Abu Jreas opened Asia Market four years ago in order to offer Jordan’s large East Asian community a feeling of home. The idea stemmed from his earlier business endeavors, where he stocked a precursor to Asia Market with Chinese and Thai products to cater to East Asian communities in Al-Karak, a city in southern Jordan.

“As time went by, our customers started asking us for products we had never heard of before,” he said, leaning back in his chair. “So we did our research, expanded our selection, taught ourselves a couple of things, and now here we are, making our own firm tofu and growing our own bean sprouts.”
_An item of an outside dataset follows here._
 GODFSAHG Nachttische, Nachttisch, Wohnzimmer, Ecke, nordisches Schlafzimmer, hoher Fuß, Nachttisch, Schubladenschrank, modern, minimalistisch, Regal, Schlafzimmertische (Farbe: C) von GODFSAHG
Abu Jreas’ customers have introduced him to over 5,000 products since he founded Asia Market, from curry pastes, fish cakes, and spicy Korean rice cakes to coconut pulp juice, Maxim coffee sticks, and rainbow tapioca pearls. He also found personal pleasure in tapping into the Korean and Filipino snack markets.
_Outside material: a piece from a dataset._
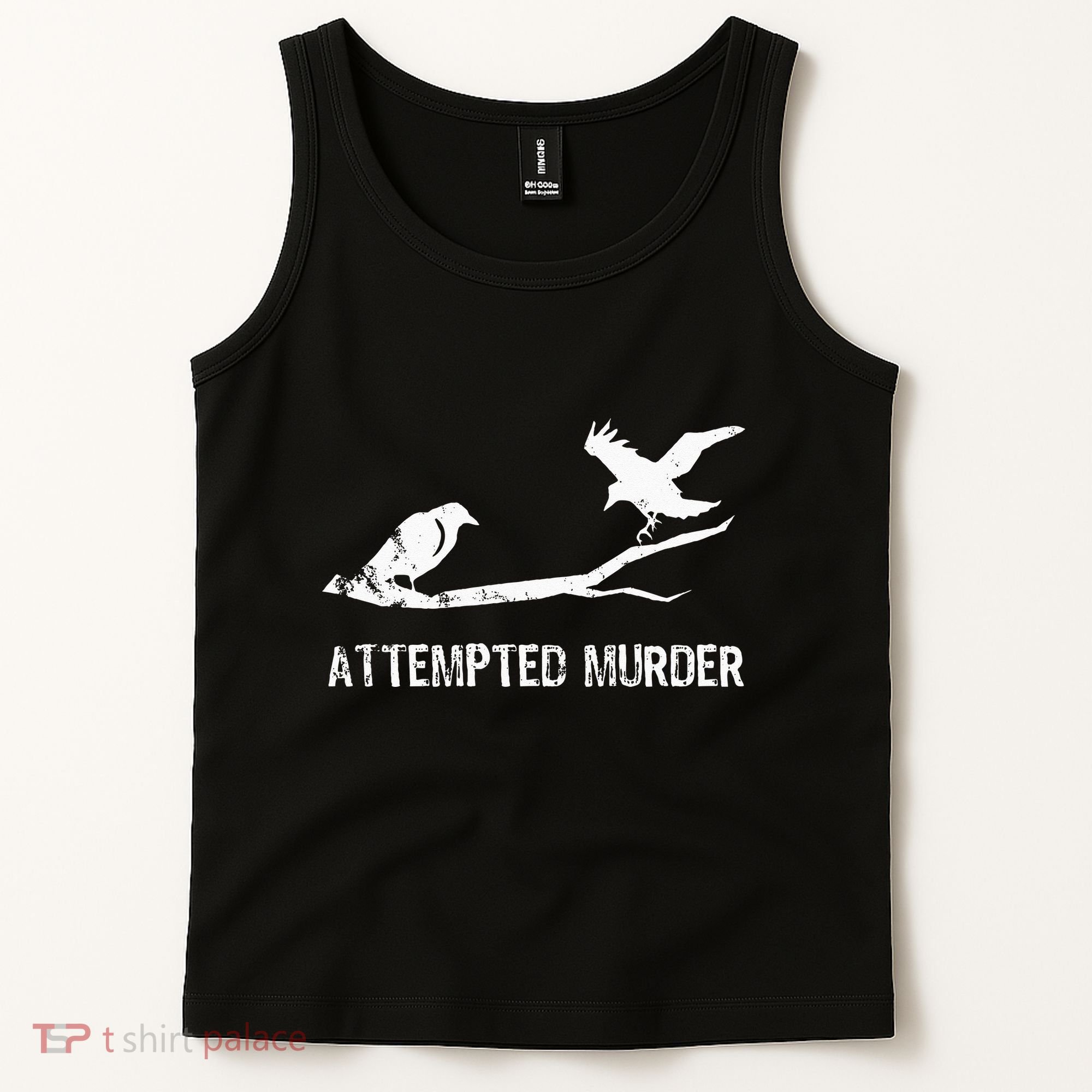 Ornithology Crows Grunge literary readers Tank Top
“I just love how natural they taste,” he said. “I keep grabbing Korean corn chips and Filipino dried peas from the snack stand. As a Jordanian, I never knew my taste palette would become this sophisticated.”

Yuri, one of Abu Jreas’ regular Filipino customers, had been disheartened to learn that her favorite supermarket was taking a break during the government-imposed lockdown, which spanned March, April, and May of 2020.

These days, she shops at Asia Market at least once a week.

“I’ve been coming to this store since it opened,” she said, balancing a bag of air-dried fish on top of her basket. “Their prices are so reasonable, and it’s just like the food we have back home.”

A stranger with a platinum bob in a red tracksuit brushed shoulders with Yuri, and they engaged in friendly conversation. Then a black-clad employee of Abu Jreas’ walked over and asked if they needed any assistance with their shopping.

“See? They’re just so nice to us here,” she said. “They treat us so well.”